Econometrics Beat: Dave Giles' Blog: 12/01/2013

Tuesday, December 31, 2013

My Top 5 For 2013

Everyone seems to be doing it at this time of the year. So, here are the five most popular new posts on this blog in 2013:

Thanks for reading, and for your comments.

Happy New Year!

© 2013, David E. Giles

Monday, December 30, 2013

A Cautionary Bedtime Story

Once upon a time, when all the world and you and I were young ~~and beautiful,~~ there lived in the ancient town of Metrika a young boy by the name of Joe.

Happy Birthday, Econometric Society

The Econometric Society was founded 83 years ago today, as a result of a meeting held at the Stalton Hotel in Cleveland, Ohio.

One of my earliest posts was devoted to this aspect of the history of our discipline. If you haven't read it, this would certainly be an appropriate day to do so!

And if you want to look ahead, as well as back, keep in mind that the Econometric Society holds a World Congress every five years. The 11^th Congress is scheduled for 15 to 21 August 2015, in Montreal, Canada.

See you there!

Saturday, December 28, 2013

Statistical Significance - Again

With all of this emphasis on "Big Data", I was pleased to see this post on the Big Data Econometrics blog, today.

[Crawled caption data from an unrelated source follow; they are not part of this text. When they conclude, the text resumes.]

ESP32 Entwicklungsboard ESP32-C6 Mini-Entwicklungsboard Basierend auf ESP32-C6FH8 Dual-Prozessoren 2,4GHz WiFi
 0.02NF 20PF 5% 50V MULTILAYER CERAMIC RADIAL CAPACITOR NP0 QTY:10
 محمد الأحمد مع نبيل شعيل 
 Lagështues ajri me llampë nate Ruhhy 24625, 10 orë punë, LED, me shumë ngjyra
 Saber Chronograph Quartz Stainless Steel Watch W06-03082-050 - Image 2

When you have a sample that runs to the thousands (billions?), the conventional significance levels of 10%, 5%, 1% are completely inappropriate. You need to be thinking in terms of tiny significance levels.

I discussed this in some detail back in April of 2011, in a post titled, "Drawing Inferences From Very Large Data-Sets". If you're of those (many) applied researchers who uses large cross-sections of data, and then sprinkles the results tables with asterisks to signal "significance" at the 5%, 10% levels, etc., then I urge you read that earlier post.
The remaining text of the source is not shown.